One of the major refactors was test_benchmark, which contained both integration tests, tests of MTEB, and tests of get_benchmark and the benchmarks themselves (e.g. names must be unique)

TODO:

  •  fix remaining issues in getting tests to run
  •  figure out where the file saves come from Will fix it in another PR

Plan:
- Started to remove tests that tests for exisitng functionality
- if a test uses MTEB I generally refactor it to use evaluate
- generally move stuff around to reflect the structure on the package
- If test file contains semantically different tests split it up into multiple
- removed `intfloat/multilingual-e5-small` from the integration test so reduce the number of model downloads required
@Samoed
Copy link
Member

Samoed commented Oct 10, 2025

I've started looking when our time on tests was increased.

  1. After updating retrieval format +10 min [v2] Change corpus and queries to use dataset #2885 (52 min https://github.com/embeddings-benchmark/mteb/actions/runs/16714678318/usage, previous pr 42 min https://github.com/embeddings-benchmark/mteb/actions/runs/16706198422/usage) Maybe we need to change TwitterHjerneRetrieval as test for retrieval dataloader and use NanoBeir tasks
  2. And after this merge of main another +10 min [v2] Merge main 30 08 #3102 (this 1h tests https://github.com/embeddings-benchmark/mteb/actions/runs/17370564430/usage, previous pr has 50 min tests https://github.com/embeddings-benchmark/mteb/actions/runs/17233888466/usage?pr=3040) maybe evaluators run takes too long

I will try to review tests that we want to remove

@KennethEnevoldsen
Copy link
Contributor Author

KennethEnevoldsen commented Oct 10, 2025

@Samoed

This test seem to be especially problematic:test_benchmark_integration_with_datasets.py

task 11 in test_benchmark_datasets seems to be Core17InstructionRetrieval or InstructIR

1216.05s call     tests/test_benchmark/test_benchmark_integration_with_datasets.py::test_benchmark_datasets[model0-task11]
47.03s call     tests/test_cli.py::test_create_meta
38.62s call     tests/test_overview.py::test_get_tasks_size_differences
20.43s call     tests/test_benchmark/test_benchmark.py::test_multiple_mteb_tasks[model0-tasks0]
19.23s call     tests/test_cli.py::test_run_task[intfloat/multilingual-e5-small-BornholmBitextMining-fd1525a9fd15316a2d503bf26ab031a61d056e98]

@Samoed
Copy link
Member

Samoed commented Oct 10, 2025

This should be IntructIR, it has 9906 queries, maybe this is the reason

, because Core17InstructionRetrieval have similar corpus, but run fast, but only 40 queries

@Samoed
Copy link
Member

Samoed commented Oct 10, 2025

We also can split tests run.

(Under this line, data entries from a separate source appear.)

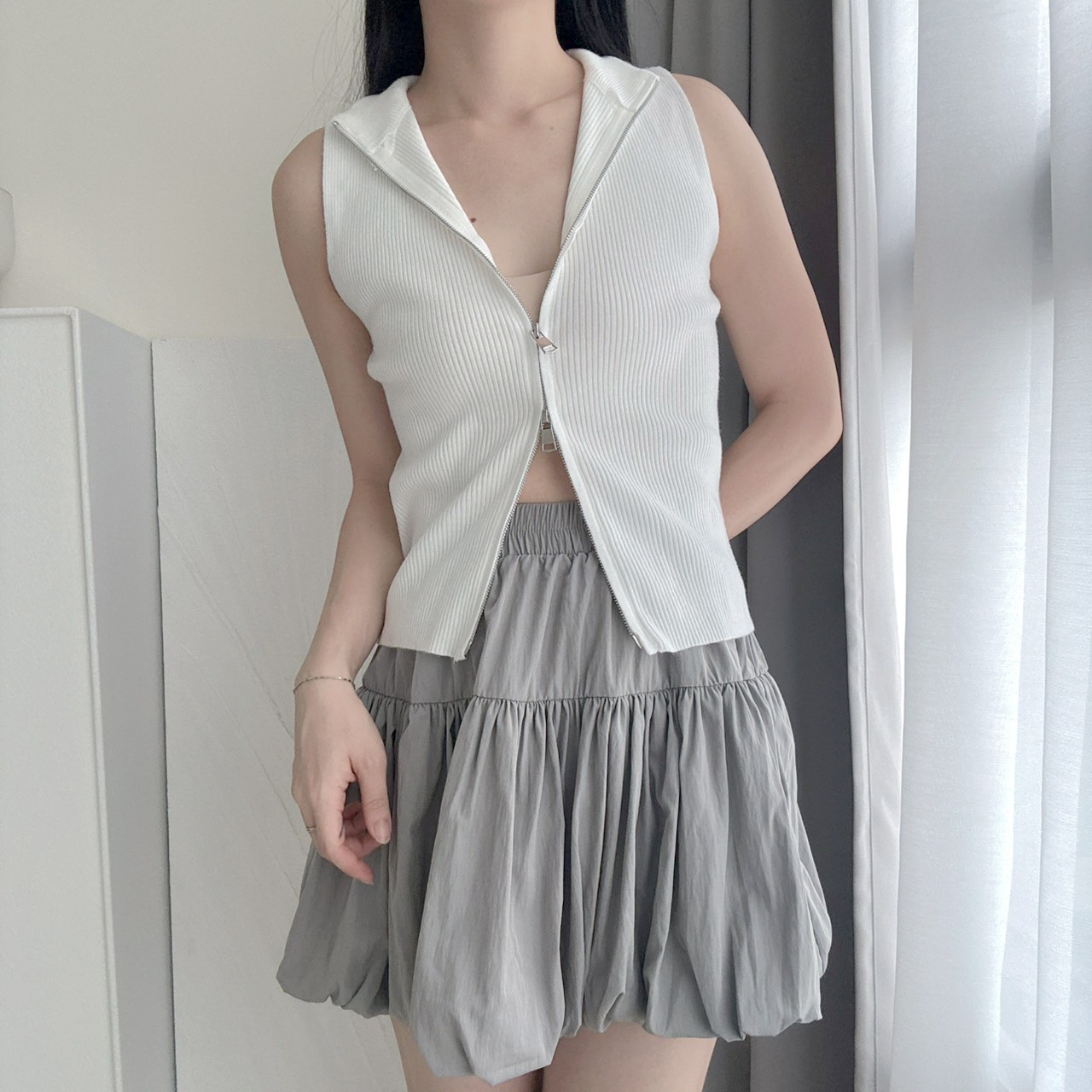 花苞短褲裙附皮帶（現貨）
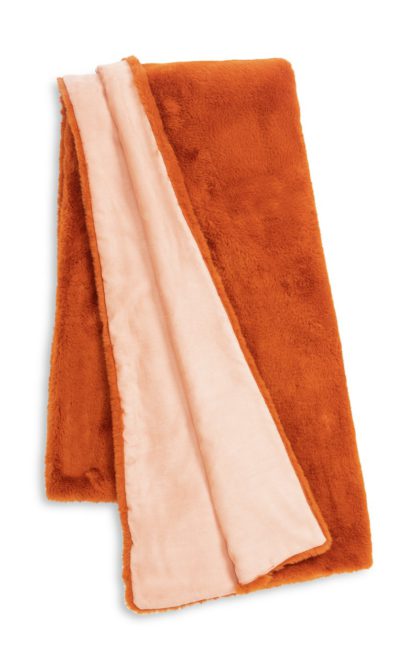 An Image of Habitat Faux Fur Throw - Orange - 125x150cm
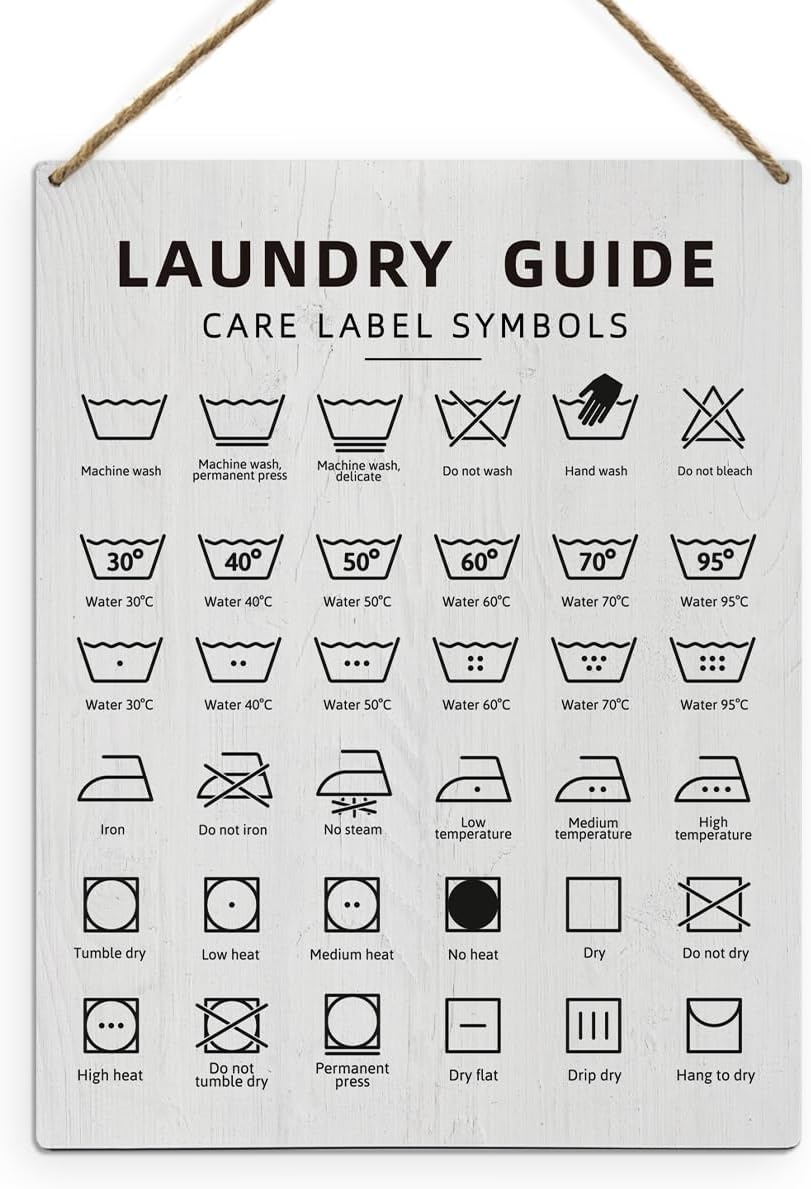 FLVGE Laundry Room Decor - Laundry Symbols Wall Decor, Wooden Sign Hanging Decor, 8x10 Inch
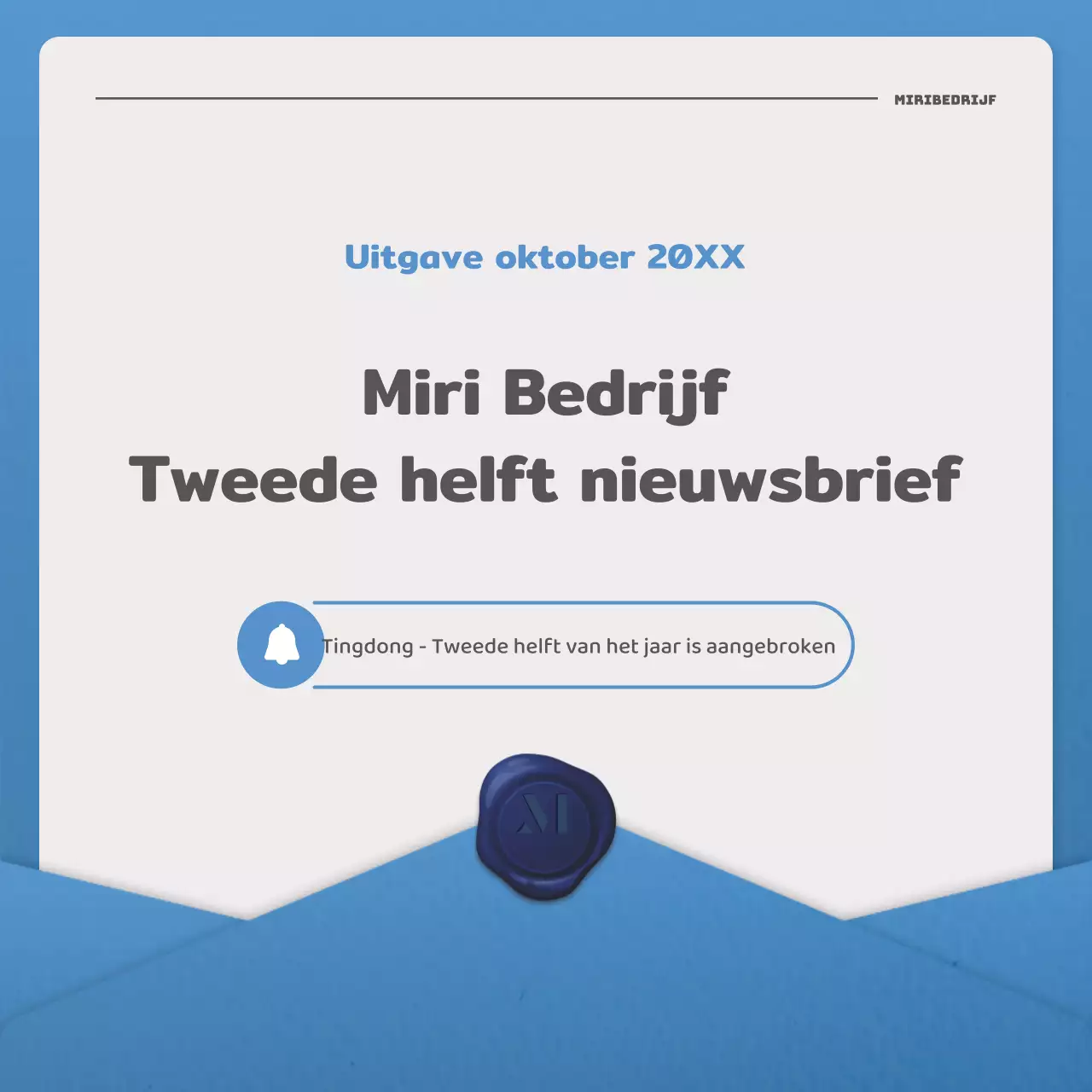 Een eenvoudige brief in blauw en marineblauw nieuwsbriefpost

E.g. we can move out tests related to metadata to separate to increase feedback speed. Now we're having test that format citation and this is a bit strange, because we need to check what's wrong with them.

Maybe it would be better to create github action that test this automatically (because github don't support multiple templates for PR and users don't fill them), but this can be done later and of course in separate issue

@KennethEnevoldsen
Copy link
Contributor Author

because github don't support multiple templates for PR and users don't fill them

Should we just delete these? (seperate issue)

@KennethEnevoldsen
Copy link
Contributor Author

This should be IntructIR, it has 9906 queries, maybe this is the reason

replaced it with "IFIRNFCorpus" which is ~3000 samples and ~200 queries

@Samoed
Copy link
Member

Samoed commented Oct 11, 2025

because github don't support multiple templates for PR and users don't fill them

Should we just delete these? (seperate issue)

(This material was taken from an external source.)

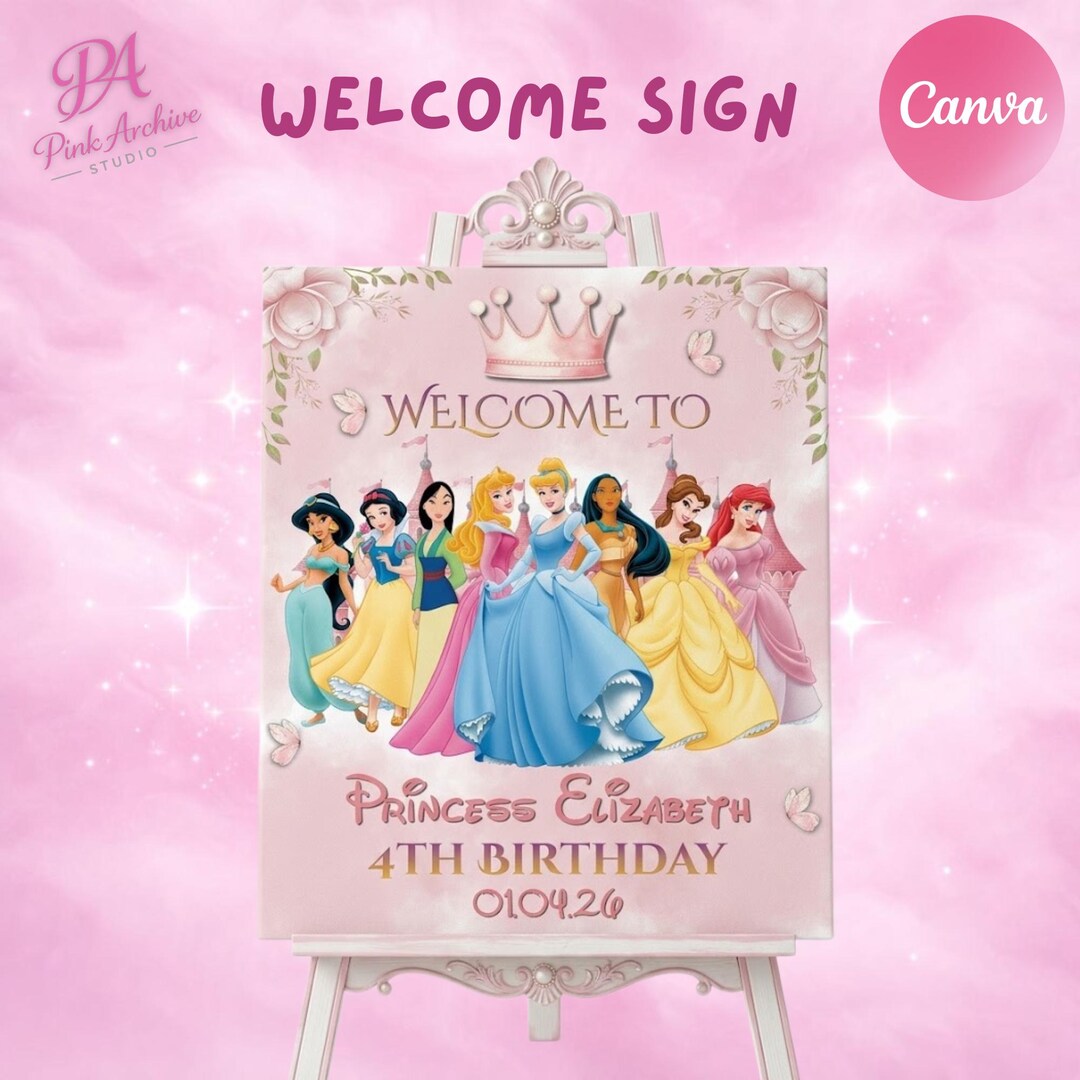 Welcome Princesses Princess Welcome BANNER Kids Birthday Party Enterance Sign Pr1 - Etsy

I was talking about our checklists, not sure if we want to delete them, but we need to automate them

Copy link
Contributor Author

Choose a reason for hiding this comment

The reason will be displayed to describe this comment to others. Learn more.

@Samoed, these tasks now fail. I assume it is because the MockNumpyEncoder is random.

should I fix this to make it more consistent?

Copy link
Member

Choose a reason for hiding this comment

The reason will be displayed to describe this comment to others. Learn more.

I don't see that this test is failing in logs

Copy link
Contributor Author

Choose a reason for hiding this comment

The reason will be displayed to describe this comment to others. Learn more.

Hmm ahh, it fails locally though...

Copy link
Member

Choose a reason for hiding this comment

The reason will be displayed to describe this comment to others. Learn more.

Maybe something can be different between numpy versions

Copy link
Contributor Author

Choose a reason for hiding this comment

The reason will be displayed to describe this comment to others. Learn more.

I will try to make the encoder a bit more consistent

Copy link
Member

Choose a reason for hiding this comment

The reason will be displayed to describe this comment to others. Learn more.

I've rounded predictions in #3322

Copy link
Contributor Author

Choose a reason for hiding this comment

The reason will be displayed to describe this comment to others. Learn more.

I would love to remove these tests. I am not entirely sure what it tests (that every task has a load_data?) as everything that we would want to test is mocked.

Copy link
Member

Choose a reason for hiding this comment

The reason will be displayed to describe this comment to others. Learn more.

I agree

assert "18670" in results


def test_reranker_same_ndcg1(tmp_path: Path):
Copy link
Contributor Author

Choose a reason for hiding this comment

The reason will be displayed to describe this comment to others. Learn more.

@Samoed can you help me figure out this test?

Copy link
Member

Choose a reason for hiding this comment

The reason will be displayed to describe this comment to others. Learn more.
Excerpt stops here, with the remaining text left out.